Tail-recursion is (very) important in some programming languages. In fact, for some, recursion is the only way of implementing loops, and is the natural construct for iterations. For these languages, it makes plenty of sense that the compiler knows and understands a lot about recursion and tail-recursion. However, while tail-recursion isn’t forbidden in C or C++, it is not really a common design-pattern for functions. We favor iteration, and are sometimes even explicitly taught (although wrongly) that recursion is evil. But while tail-recursion is not really a basic design-pattern for either C nor C++, the g++ compiler still seems to know a lot about it. It figured out all functions (albeit it quite went overboard with one). It seems to be doing such a good job that it may be safe to trust it with bits of program written as recursive functions. But not always. If the target code is a bottleneck: profile, time, look at disassembly, and decide whether you want to spend time writing an iterative version.

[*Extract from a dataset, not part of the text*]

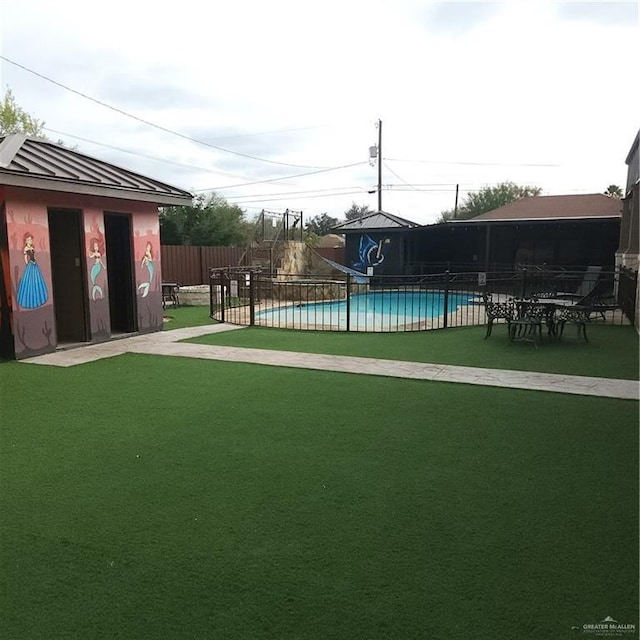 view of swimming pool with a lawn and a water slide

### 6 Responses to Of tails.

1. Fanael says:

> all optimizations (-O3)

Actually, there are some optimizations not enabled by -O3, such as -funroll-loops.

> wat

Funny. On my machine, turning off vectorization (-fno-tree-vectorize) results in much more sane

.seh_proc _Z9factorialj
_Z9factorialj:
.LFB0:
.seh_endprologue
movl \$1, %eax
testl %ecx, %ecx
je .L4
.p2align 4,,10
.L3:
imull %ecx, %eax
subl \$1, %ecx
jne .L3
rep ret
.L4:
rep ret
.seh_endproc

I wonder what the hell the vectorizer was thinking.

> It seems to be doing such a good job that it may be safe to trust it with bits of program written as recursive functions.

Only when optimizing (specifically, when -foptimize-sibling-calls is on), so if you have separate debug (-O0 -g etc.) and release (-O3) builds, you can have the debug build overflowing the stack and release working fine. Not particularly nasty to sort out, but it’s worth keeping in mind.

• Yes, I know, -O3 enable most optimizations.

And, well, I don’t know why vectorizing went crazy on this function. I didn’t check for speed. Maybe it’s counterintuitively much faster?

• Fanael says:

…it turns out it is faster. Not bu much, by faster nonetheless. On my machine, calculating the modulo-2³² factorial of 1000000000 takes 630ms for the vectorized version and 830ms for the naïve version. Surprising, to say the least.

• Fanael says:

The vectorized version is down to 350ms if I enable AVX2.

Also, if the for loop in the iterative version is changed to “for (;n!=0;p*=n,–n);”, it gets vectorized too.

• And what does the assembly-level code look like? Does the compiler go nuts on instructions, or is it somewhat sane?

• Fanael says:

Nuts, the assembly is very similar to the vectorized factorial in the post.